When the Mind Wanders – Two Techniques from the Yoga Sut

If you’ve ever found yourself halfway through a pose only to realize your mind is somewhere else entirely—planning dinner, revisiting a conversation, drifting into judgment—you’re not alone. This is part of the human experience. The practice isn’t about never being distracted. It’s about recognizing when you are, and learning how to return.

Patanjali’s Yoga Sutras offer more than lofty ideals—they offer practical techniques for working with the mind. Two of them are especially relevant when it comes to rising thought waves: one helps us redirect the mind in the moment, and the other helps prevent those thoughts from building in the first place.

1. Subduing the Thought as It Arises (Yoga Sutra II.11)

“These fluctuations are to be subdued through meditation.”
(dhyāna-heyāḥ tad-vṛttayaḥ)

Here, Patanjali is referring to the subtle mental patterns that take shape in our consciousness. When we sit, breathe, or hold a pose with attention, we begin to see them. The practice is not to fight or suppress them—but to notice their rise and gently guide the attention elsewhere.
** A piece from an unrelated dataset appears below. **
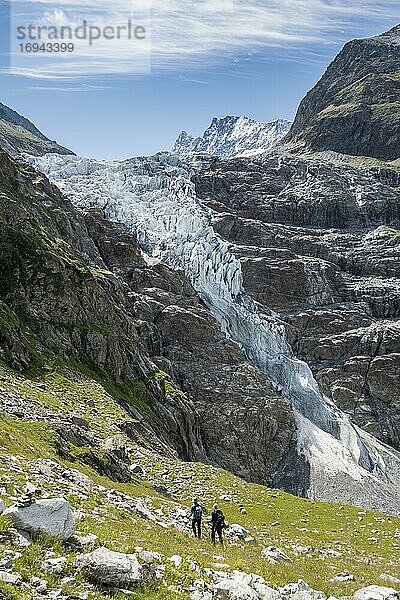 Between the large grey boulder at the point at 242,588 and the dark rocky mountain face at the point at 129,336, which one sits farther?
the dark rocky mountain face at the point at 129,336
This is what B.K.S. Iyengar called cultivating the witness consciousness—observing the mind without getting pulled along by it. You start to feel when a thought is forming, and in that moment, you can return to the breath, the body, the present.

That moment of return is the practice.

2. Preventing Disturbance Through Mantra (Yoga Sutra I.29)

“Through repetition [of Om] and reflection on its meaning, obstacles are removed and consciousness turns inward.”
(taj-japas tad-arthabhāvanam)

This is a technique for preparing the mind. Instead of waiting to get distracted, we anchor ourselves in something steady—like the repetition of Om.

Geeta Iyengar, daughter of B.K.S. Iyengar, emphasized the transformative power of the Om mantra. She viewed it not just as a sound, but as a bridge to inner peace and spiritual connection. Om, she said, is the sound of the inner self—a way to align with the universal rhythm and settle the mind into something deeper.

When practiced with quiet reflection, japa can shift the inner landscape. The thoughts don’t have as much fuel. The breath slows. A new kind of quiet becomes possible.

Neither of these techniques is about perfection. They're about attention. About noticing what the mind does—and remembering that we have the tools to come back.

Whether you pause in the moment (II.11), or set the tone with mantra (I.29), the effect is the same: greater steadiness, deeper clarity, and a more spacious relationship with thought.

That’s where practice begins to change us.